2000 ans après : la divinité a fuit les écritures pour se réfugier dans l’âme individuelle, cet ultime forteresse sur le point de vaciller sous les coups de cet étrange exil. L’autonomie de la figure divine, portée à son acmé par K. Barth, semble aboutir à sa quasi disparition du champ ontologique, alors qu’au moins en ce qui concerne les valeurs, nous assistons à un égal vacillement de l’ontologie. À la suite de cette divinité « attrape tout », les « valeurs » sont en passe aujourd’hui de subir le même exil hors du champ politique, économique et social, hors du champ des « faits » et, pour tout dire, hors de l’Être.

En mettant la divinité, et, à sa suite, les valeurs, hors d’usage, l’affirmation d’une inconciliable dichotomie entre faits et valeurs nous aveugle et nous paralyse. Elle exclut tout expérimentation de l’efficience des valeurs dans le domaine prétenduement purement factuel de l’économie, de la politique et de l’action sociale. Même s’il est plus facile de considérer des valeurs depuis longtemps passées de mode comme des faits, il n’en demeure pas moins qu’on ne peut se dispenser d’accorder un statut positif, collectif et universel aux valeurs pour mener de telles recherches.

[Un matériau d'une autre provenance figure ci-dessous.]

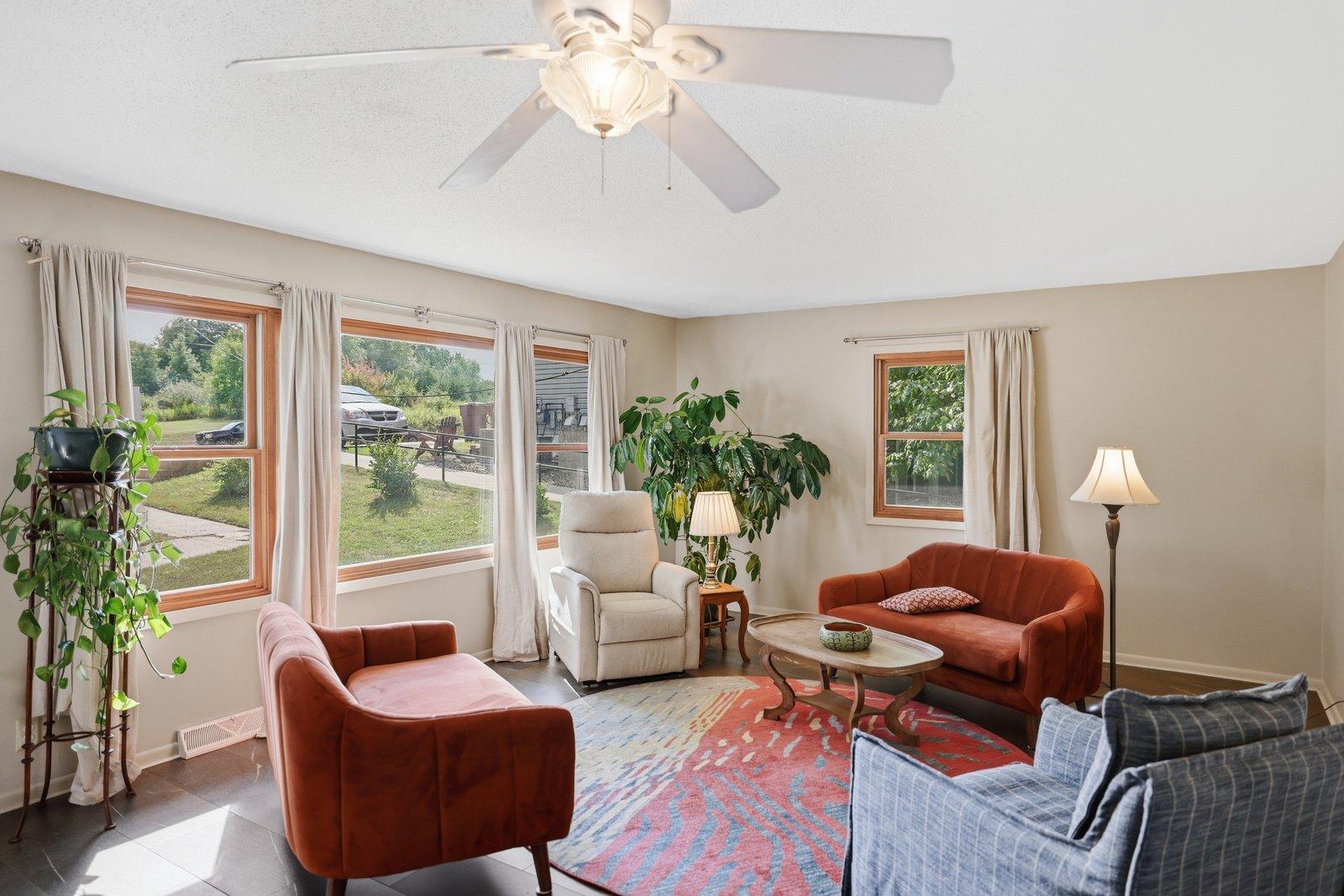 1963 single family home for sale at 535 6th Avenue SE in Aitkin, MN — 4 bed, 2 bath (photo 13 of 30)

Alors que ce que Thomas Römer élève au rang d’objectivité historique est un processus de permanente interaction entre faits et valeurs où l’efficience des valeurs peut être évaluée à l’aune des faits, la « laïcité épistémologique » nous interdit d’user de la distinction faits/valeurs pour mieux comprendre et mieux exploiter leurs interactions.

Lu comme un ouvrage d’histoire de la théologie politique et avec la conviction que la théologie politique reste plus que jamais pertinente, le livre de Thomas Römer me semble plutôt être une invitation à nous inscrire dans ce lent processus où les faits remettent en cause nos croyances et où, tout en nous inscrivant dans une généalogie des croyances dont nous avons hérité, nous tentons d’élaborer de nouvelles croyances, non seulement pour mieux comprendre les faits mais pour agir sur eux et en changer le cours.